Im Übrigen wird sich auch erst noch herausstellen müssen, ob Männer hier überhaupt einen Nachteil haben, denn die Universität wird wohl kaum ungeeignete Kandidatinnen einstellen, nur weil sie Frauen sind, wie der Autor des Kommentars scheinbar glaubt. Frauen werden ihre Kompetenz nachweisen müssen. Bleibt zu hoffen, dass dessen Kompetenz dann auch genauso gründlich überprüft wird, denn hier bleibt ein Hintertürchen sperrangelweit offen, Frauen auch weiter zu diskriminieren.
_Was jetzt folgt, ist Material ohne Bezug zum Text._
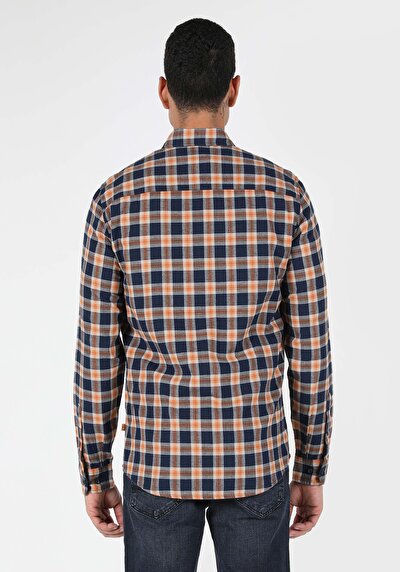 اعرض التفاصيل لـ قميص نحيف رقبة متقلب رجالي أزرق كحلي كم طويل قميص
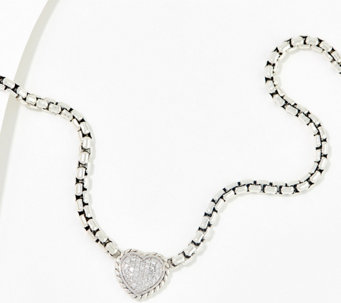 JAI Sterling Silver Symbols Diamond 3.7mm Box Chain Necklace, 0.2ct - J412225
Und angesichts der Erfahrungen, die wir Frauen mit wirkungslosen Vorgaben zur Gleichstellung aus der Politik bisher machen mussten, ist da wohl ein Quäntchen Misstrauen durchaus angebracht.

Sabine Hartl, München

Über Quote kann man diskutieren

Wenn ich am Ende des Kommentars von Christian Weber lese, dass sich "keine Kollegin für das Verfassen dieses Kommentars beworben" habe, dann gehe ich davon aus, dass die Frauen in der SZ-Redaktion nicht nur kompetent, sondern auch zu clever sind, als dass sie sich für einen Kommentar derartigen Tenors hergäben. Sicherlich kann man - wie Herr Weber ja auch selbst schreibt - über die Ausgestaltung einer Quote zur Verbesserung des Frauenanteils trefflich diskutieren; ein solches Niveau allerdings, wie es der Kommentar bietet, habe ich in der Süddeutschen Zeitung nicht erwartet.